Nicht jede/r muss Minimalist_In werden, nicht jeder muss Meditieren.
Aber vielleicht macht es eben doch einen Unterschied, ob ich in einer Meditation loslasse und dies dann auch ganz praktisch mit den ein oder anderen Gegenständen tue. Welche Qualität bekommt dadurch mein Alltag, meine Achtsamkeits- und Meditationspraxis? Und wenn ich als Minimalist_In Dinge, Gegenstände losgelassen habe, wie geht es mir, wenn ich darüber hinaus dann auch mal nach Innen schaue und was es dort loszulassen gibt?
Sich seiner eigenen Bedürfnisse, Gewohnheiten, Automatismen, Reaktionen bewusster zu werden, kann einen besseren Zugang zu sich selbst, aber auch zu seiner Umwelt schaffen. Und vielleicht gelingt es uns dann ein kleines Stückchen besser, nicht mehr nur im Autopilot-Modus durchs Leben zu stolpern, in ungesunden Gewohnheiten zu verharren, uns permanent selbst zu überfordern oder den falschen Konsumversprechungen zu erliegen.

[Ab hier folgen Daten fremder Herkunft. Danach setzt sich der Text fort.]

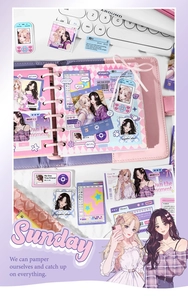 Detail of anime girl illustration stickers on a loose-leaf notebook with soft lighting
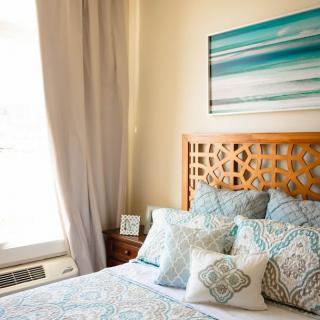 A cozy bedroom with patterned pillows and artwork on the wall.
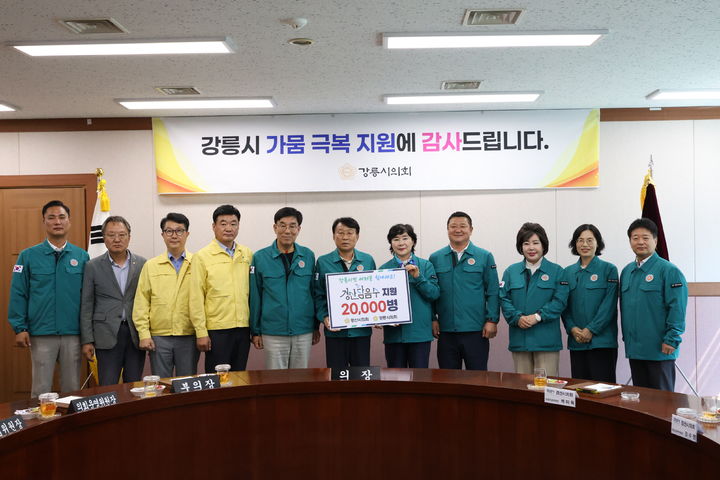 박미옥 경산시의회 산업건설위원장(오른쪽서 5번째)과 최익순 강릉시의회 의장이 음용수 지원 카드를 들고 포즈를 취하고 있다. (사진=경산시의회 제공) *재판매 및 DB 금지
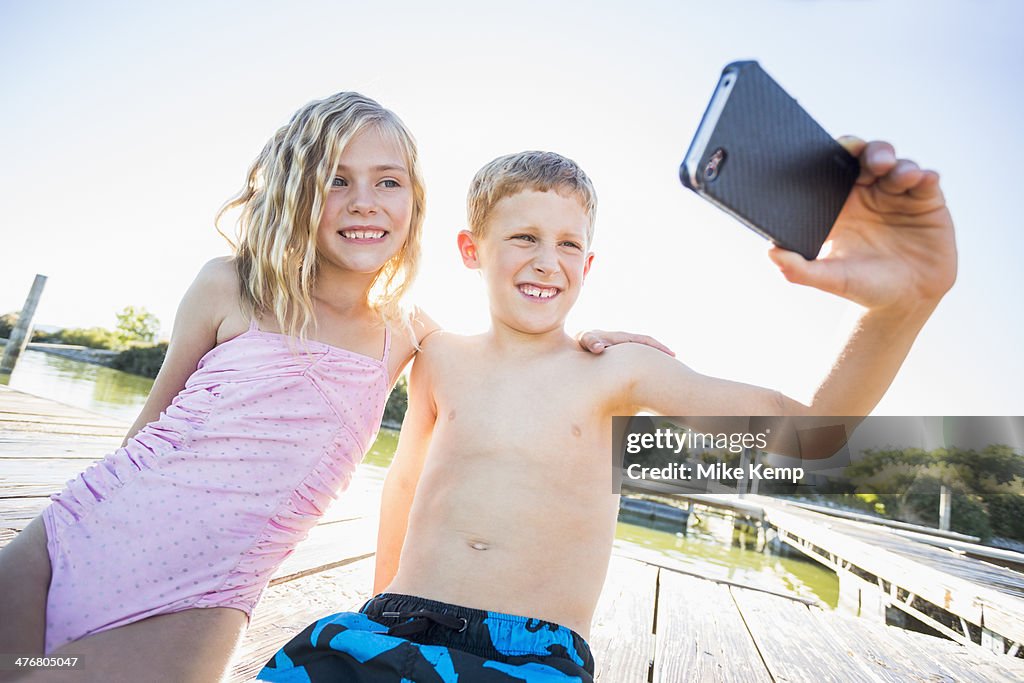 Caucasian children taking selfie with cell phone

Innen und Außen, Ich und Andere: Lässt sich das trennen, wo es eigentlich doch auch zusammen gehört oder zumindestens miteinander in Verbindung steht?
Tipps zum Weiterlesen:
- Achtsamkeitsübungen: Eine Linkliste mit zahlreichen Übungen, auch für Anfänger und Übungen zur Alltagsachtsamkeit.
Toller Artikel!
Besonders ansprechend fand ich das Zitat „Zwischen Reiz und Reaktion gibt es einen Raum. In diesem Raum haben wir die Freiheit und die Macht, unsere Reaktion zu wählen.“ Meist nehmen wir diesen Raum gar nicht wahr. Wir denken, wir müssten auf einen Reiz auf eine bestimmte Weise reagieren und könnten nicht anders. Aber das stimmt ja gar nicht. Wir haben immer die Wahl. Wir können auch nur wahrnehmen und beobachten, was der Reiz auslöst ohne das Geringste zu tun. Das kann ganz schön interessant sein, und man lernt eine Menge über sich selbst!